Neil Gaiman, le prolifique auteur britannique derrière American Gods, Good Omens ou encore Coraline, adapte enfin son comics. Edité par DC Comics, Sandman a vu le jour en 1988 et a grandi jusqu'en 1996. Désormais sous forme de série, pilotée par les studios Warner et exploitée par Netflix, l'épopée de Morphée, le marchand de sable, le grand manitou des rêves est en mauvaise posture: emprisonné durant 100 ans dans une bulle de verre par un charlatan adepte de magie noire (interprété par Charlie Day), son royaume s'est effrité et a piqué du nez.
Sandman nous catapulte dans un monde imaginaire, dans une folle percée entre les enfers, ses démons et ses damnés, et jusqu'à Lucifer. Des passages entre le monde éveillé, le monde réel pour nous, petits êtres humains misérables, jusqu'au royaume des rêves et des cauchemars. Outre ces décors et ces différents mondes, le ténébreux Morphée (Tom Sturridge) est à la recherche de trois objets magiques qui lui permettront de retrouver son pouvoir.

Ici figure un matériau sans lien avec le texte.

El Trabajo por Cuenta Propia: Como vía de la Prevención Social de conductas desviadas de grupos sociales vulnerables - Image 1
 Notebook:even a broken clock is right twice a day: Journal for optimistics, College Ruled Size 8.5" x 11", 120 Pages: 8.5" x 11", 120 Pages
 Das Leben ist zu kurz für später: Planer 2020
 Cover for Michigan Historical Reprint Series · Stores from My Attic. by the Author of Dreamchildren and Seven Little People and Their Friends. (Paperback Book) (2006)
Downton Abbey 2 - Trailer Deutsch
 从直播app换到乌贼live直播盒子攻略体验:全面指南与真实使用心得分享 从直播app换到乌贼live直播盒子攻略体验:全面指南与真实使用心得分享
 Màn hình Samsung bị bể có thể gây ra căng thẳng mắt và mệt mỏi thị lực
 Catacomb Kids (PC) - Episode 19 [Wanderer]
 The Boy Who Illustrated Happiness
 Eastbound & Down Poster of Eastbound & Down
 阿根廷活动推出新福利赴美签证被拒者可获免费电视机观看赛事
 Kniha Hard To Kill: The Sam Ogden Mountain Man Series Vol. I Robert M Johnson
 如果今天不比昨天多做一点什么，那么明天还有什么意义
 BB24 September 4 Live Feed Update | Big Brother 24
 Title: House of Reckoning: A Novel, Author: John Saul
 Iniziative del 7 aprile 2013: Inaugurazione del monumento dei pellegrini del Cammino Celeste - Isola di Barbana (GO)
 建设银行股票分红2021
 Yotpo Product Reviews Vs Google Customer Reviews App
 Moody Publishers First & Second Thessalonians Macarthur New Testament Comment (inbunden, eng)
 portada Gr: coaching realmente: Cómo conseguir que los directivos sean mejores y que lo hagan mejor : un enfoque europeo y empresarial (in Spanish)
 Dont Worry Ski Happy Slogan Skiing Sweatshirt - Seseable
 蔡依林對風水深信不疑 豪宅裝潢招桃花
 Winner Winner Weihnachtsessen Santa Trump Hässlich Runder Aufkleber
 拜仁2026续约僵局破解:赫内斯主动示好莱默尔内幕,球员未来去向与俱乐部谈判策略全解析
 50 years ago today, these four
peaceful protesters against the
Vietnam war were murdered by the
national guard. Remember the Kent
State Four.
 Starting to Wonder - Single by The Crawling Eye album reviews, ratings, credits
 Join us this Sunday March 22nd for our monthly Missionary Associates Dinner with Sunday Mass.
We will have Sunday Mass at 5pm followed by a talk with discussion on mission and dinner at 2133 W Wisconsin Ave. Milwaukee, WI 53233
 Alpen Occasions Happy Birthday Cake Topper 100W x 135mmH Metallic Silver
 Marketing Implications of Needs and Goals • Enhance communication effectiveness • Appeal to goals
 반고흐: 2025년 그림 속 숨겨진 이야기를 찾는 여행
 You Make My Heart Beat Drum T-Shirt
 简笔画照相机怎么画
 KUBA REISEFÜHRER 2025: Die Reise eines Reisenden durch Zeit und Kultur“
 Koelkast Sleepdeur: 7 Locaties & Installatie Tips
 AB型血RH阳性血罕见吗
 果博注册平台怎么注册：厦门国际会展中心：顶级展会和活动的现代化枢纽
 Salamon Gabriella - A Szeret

Pour épauler Neil Gaiman, les scénaristes David S. Goyer (The Dark Knight, Man of Steel) et Allan Heiberg. Ils ont fait des comics une œuvre qui n'emprunte pas le vertige apprécié des lecteurs de la première heure, mais sont restés fidèles au matériau de base.
En regardant le premier épisode, c'est un aller dans une forêt de rêves. La plongée dans le Royaume des Rêves est belle et poétique, elle brosse des visuels sublimes. Un décollage agréable pour un voyage de dix chapitres.
Sandman empile les épisodes sur un bon rythme, nous offre une réflexion existentielle intéressante, cherchant à poser des questions sur l'identité, l'honnêteté, la mort, la barrière entre le réel et l'irréel. Un joli condensé qui se greffe à l'odyssée furieuse du Maître des Rêves. Son chemin de croix pour retrouver ses objets est ponctué de rencontres mystiques et humaines.
L'une des réussites du scénario, le personnage de Sandman qui permet à l'histoire de nous faire visiter les songes de chacun. Le marchand de sable laconique se promène et s'interroge (même lui) sur son véritable rôle auprès de la race humaine.
Tom Sturridge parvient à conduire efficacement la mécanique des rêves, avec ses cheveux en bataille et ses yeux humides. A l'instar de son regard, il montre une réelle profondeur pour camper son personnage. Face à lui, Boyd Holbrook, dans la peau du Corinthien, est un antagoniste intéressant, charismatique et instaurant (tout en retenue) une menace perpétuelle. Débarquant avec un train de retard, David Thewlis, sous les traits du délirant John Dee, se greffe parfaitement au duo et assoit la qualité du casting présent.
Mais tout n'est pas parfait. Le gros défaut du show se niche dans cette manie à toujours sur-expliquer les faits et gestes, rendant le rythme balbutiant. D'autres failles aussi se ressentent, liées à l'absence de macabre. Sandman reste un programme adulte, mais il semble que l'action (violente) soit atténuée pour attirer un large public.
Malgré les couacs, il faut bien avouer que le spectacle vaut son pesant de cacahuètes grâce à son ambition, son empreinte émotionnelle. Il y a à redire sur la qualité esthétique d'un Royaume des rêves ou des cauchemars manquant un poil de créativité, mais le casting et le savoir-faire de Goyer, pilotent une série qui, à l'image de son héros, vous susurre une élégie sur la condition humaine et sa quête parfois rêveuse, parfois cauchemardesque.
«Sandman» est disponible depuis le 5 août sur Netflix.